Prenuptial and postnuptial agreements are often treated as if they are dirty words. That’s understandable because they focus on the breakup and end of a relationship. The truth, however, is that prenuptial and postnuptial agreements are a critical aspect of the marriage process. After all, marriage is not just a romantic relationship. Marriage is also a business relationship.

 

This unique dual-natured aspect of matrimony has led to an increased prevalence amongst couples to seek pre and postnuptial agreements to ensure their financial interests are protected in the event of a divorce.

 

If you and your partner are considering a prenuptial agreement before you wed, or if you are already married but wish to protect your assets in the unfortunate event of a divorce, you need to contact an experienced family law attorney right away. At The Law Offices of James C. DeZao P.A., we’re experts on every facet of family law, including prenuptial and postnuptial agreements. Not only that, but our knowledgeable team prides itself on our compassionate and caring representation of our clients, both inside and out of New Jersey Family Court. We’re here to ensure that your assets are protected and that you receive the best possible financial outcome in the event of marriage dissolution.

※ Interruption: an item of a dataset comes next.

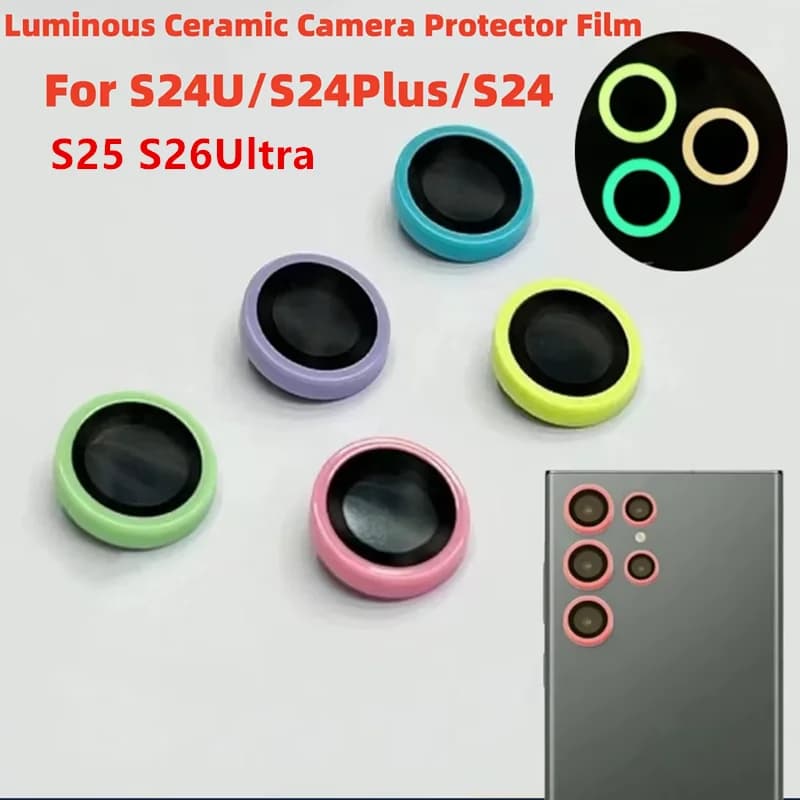 For Samsung Galaxy S25 S26Ultra S23 S24Plus Camera Lens Protector Scratch-Resistant Tempered Glass With Luminous Lens Ring Cover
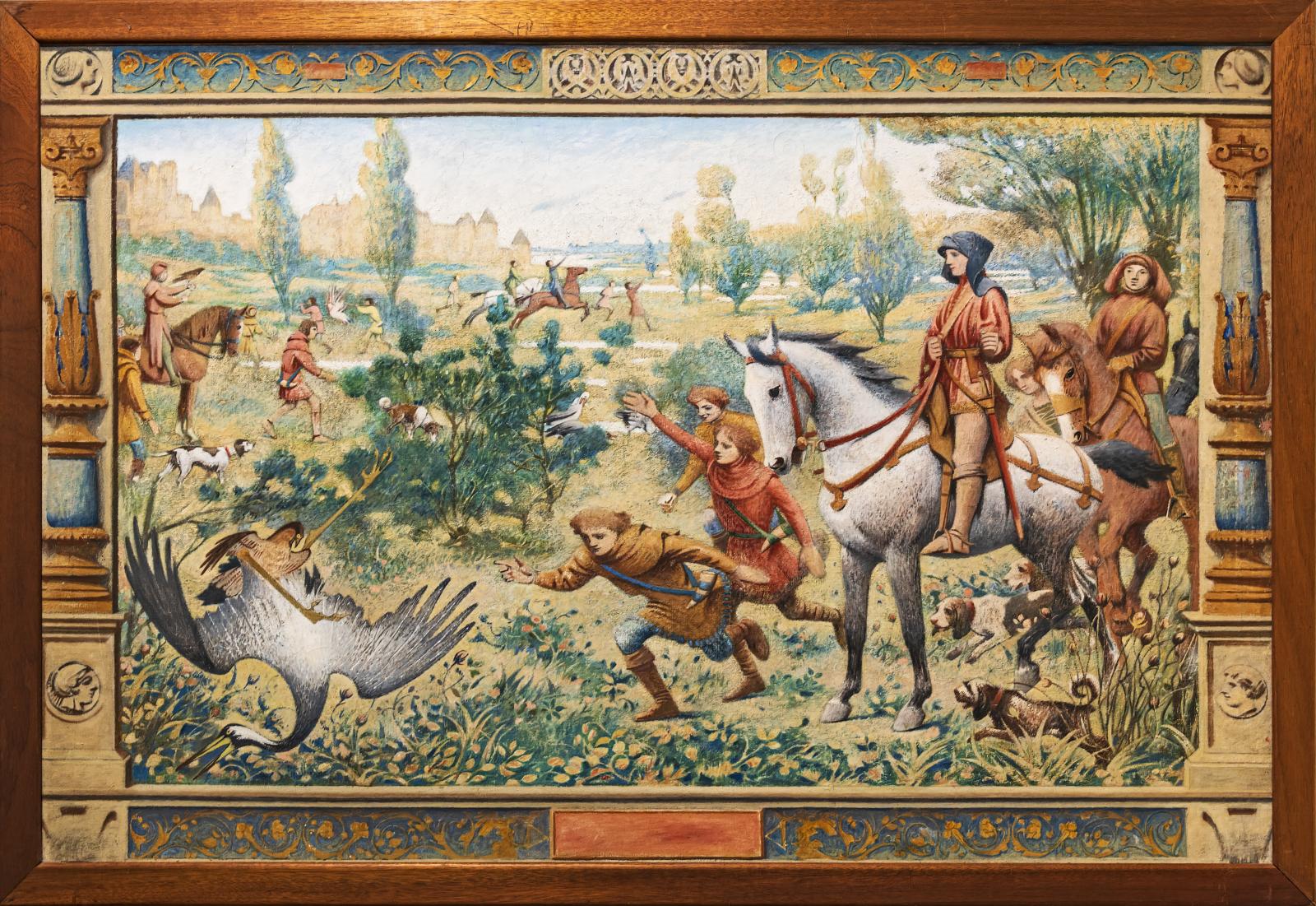 (Lavaur) La Chasse au Moyen Age (Chasse au faucon) - Henri Rachou made in 1893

Prenuptial & Post Agreement

Prenuptial Agreements in New Jersey Law

New Jersey Statute 37, Sections 2-31 defines prenuptial agreements. According to the statute, the following items may be included in a prenuptial agreement:

  • The rights and obligations of each spouse concerning property;
  • The right to manage and control property;
  • How wealth or property will be distributed at divorce, death, or the occurrence (or non-occurrence) of any other such event;
  • The modification or termination of spousal support;
  • The arranging to carry out the provisions of the agreement;
  • The ownership rights in – and distribution of –  the death benefit from a life insurance policy;
  • The choice of law governing the construction of the agreement;
  • Any other matter, including personal rights and obligations, as long as it doesn’t violate any public policy.

Should I Get a Prenup?

Deciding to get a prenuptial or postnuptial agreement may seem like a complicated decision, but in reality, it makes sense for a wide number of reasons. That does not mean, however, that they are the right choice for all couples.

Advantages of a Prenup

There are several advantages for couples to consider a prenuptial agreement before they wed. Prenuptial agreements, for example, can:

  • Protect the inheritance rights of your children or grandchildren from a previous relationship.
  • Protect your business or business interests from being divided in the event of a divorce.
  • Ensure yourself from any pre-existing debt your spouse may have.
  • Limit the amount of spousal support, or alimony, that you may be liable to pay in the case of divorce.
  • Provide assurances financial if you give up a lucrative career for marriage.

Disadvantages of Prenups

There are several reasons why you may feel you do not want to enter into a prenuptial or postnuptial agreement. These may include, but are not limited to:

  • A prenuptial agreement may mean you have to give up your right to inherit your spouse’s estate should they die.
  • You may be unable to claim a portion of your spouse’s business after divorce – even if you were integral to its growth and success.
  • A low-wage, or non-wage, earning spouse may not be able to maintain their lifestyle after divorce.
  • If signed during a “honeymoon stage” of love, one party may not agree to the terms of the agreement once those feelings have waned later.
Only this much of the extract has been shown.